Background: Within the lung, sympathetic nerve activity (SNA) has an important role in facilitating pulmonary vasodilation. As SNA is elevated in obesity, we aimed to assess the impact of sympathetic hyper-excitation on pulmonary vascular homeostasis in obesity, and its potential role in ameliorating the severity of pulmonary hypertension (PH); the well-documented 'obesity paradox' phenomenon.
Methods: Zucker obese and lean rats were exposed to normoxia or chronic hypoxia (CH-10% O2) for 2 weeks. Subsequently, pulmonary SNA (pSNA) was recorded (electrophysiology), or the pulmonary microcirculation was visualized using Synchrotron microangiography. Acute hypoxic pulmonary vasoconstriction (HPV) was assessed before and after blockade of β1-adrenergic receptors (ARs) (atenolol, 3 mg kg(-1)) and β1+β2-adrenergic (propranolol, 2 mg kg(-1)).

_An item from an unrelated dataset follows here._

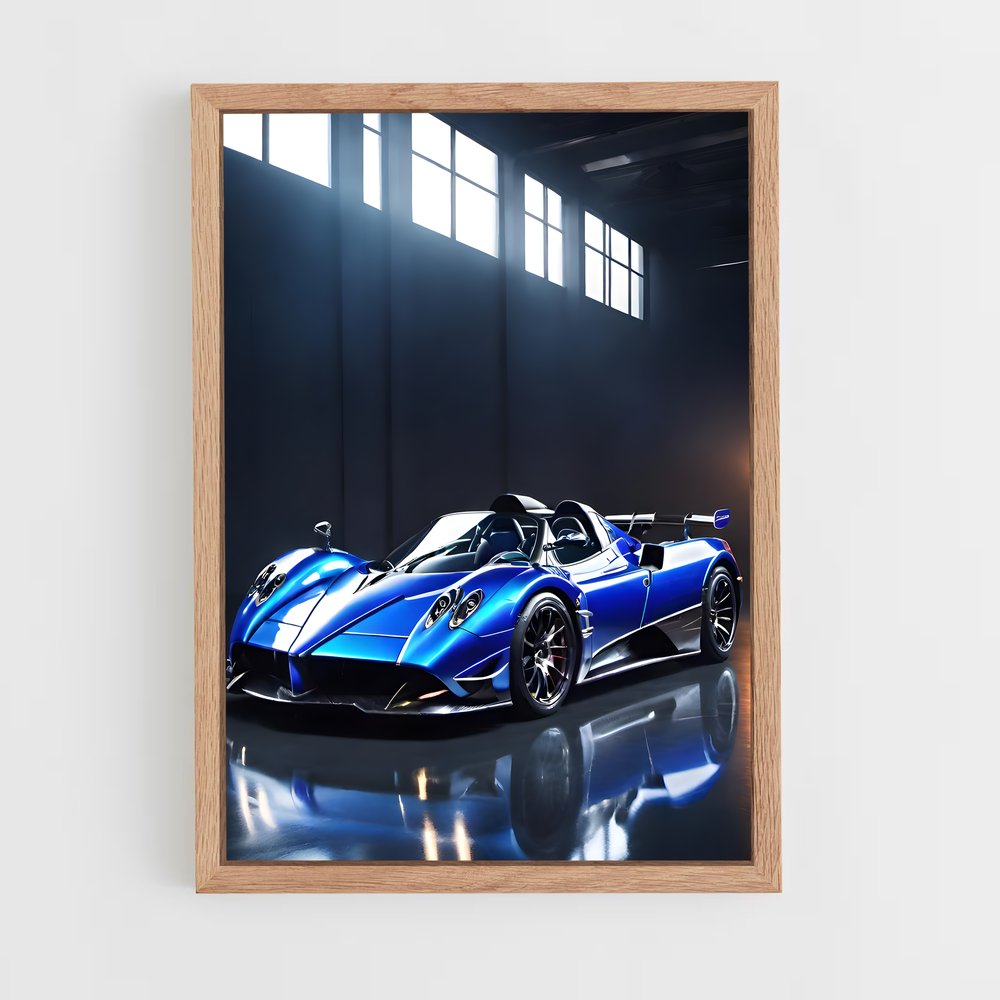 Poster Zonda hp barchetta élégante – affiche Pagani (vue 4)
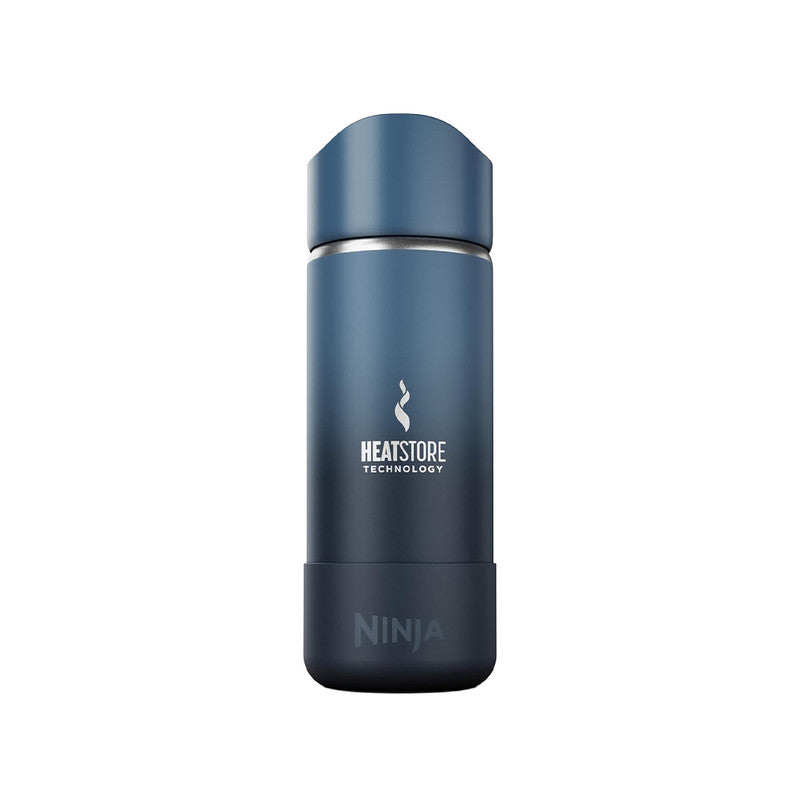 Ninja, Travel Mug, Sip Perfect 16oz, Brings Hot Drinks to Sippable Temperature in Minutes, Stainless Steel, Leak Proof, Dishwasher Safe, Metal, Insulated Tumbler, Ocean Blue, DW1603OB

Results: pSNA of normoxic obese rats was higher than lean counterparts (2.4 and 0.5 μV s, respectively). SNA was enhanced following the development of PH in lean rats, but more so in obese rats (1.7 and 6.8 μV s, respectively). The magnitude of HPV was similar for all groups (for example, ~20% constriction of the 200-300 μm vessels). Although β-blockade did not modify HPV in lean rats, it significantly augmented the HPV in normoxic obese rats (β1 and β2 blockade), and more so in obese rats with PH (β2-blockade alone). Western blots showed, while the expression of pulmonary β1-ARs was similar for all rats, the expression of β2-ARs was downregulated in obesity and PH.
Conclusions: This study suggests that sympathetic hyper-excitation in obesity may have an important role in constraining the severity of PH and, thus, contribute in part to the 'obesity paradox' in PH.